WORK INSTRUCTIONS
Return every line from the one with "Results can be" through the one with "To delete a", inclusive, exactly as it appears below.

===== DATASET RECORDS =====

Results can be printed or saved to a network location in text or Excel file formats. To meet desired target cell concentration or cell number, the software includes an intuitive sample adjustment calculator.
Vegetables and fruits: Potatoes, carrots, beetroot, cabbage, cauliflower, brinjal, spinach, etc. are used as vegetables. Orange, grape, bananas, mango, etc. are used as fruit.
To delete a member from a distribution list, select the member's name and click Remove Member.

=====
===== DATASET RECORDS =====

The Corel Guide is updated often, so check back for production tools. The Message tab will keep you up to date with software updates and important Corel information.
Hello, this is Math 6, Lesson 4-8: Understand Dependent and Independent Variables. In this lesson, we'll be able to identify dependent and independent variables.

=====
===== DATASET RECORDS =====

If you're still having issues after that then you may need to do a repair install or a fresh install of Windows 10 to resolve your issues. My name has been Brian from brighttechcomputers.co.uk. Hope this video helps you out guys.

=====

OUTPUT FOR THIS TASK
Results can be printed or saved to a network location in text or Excel file formats. To meet desired target cell concentration or cell number, the software includes an intuitive sample adjustment calculator.
Vegetables and fruits: Potatoes, carrots, beetroot, cabbage, cauliflower, brinjal, spinach, etc. are used as vegetables. Orange, grape, bananas, mango, etc. are used as fruit.
To delete a member from a distribution list, select the member's name and click Remove Member.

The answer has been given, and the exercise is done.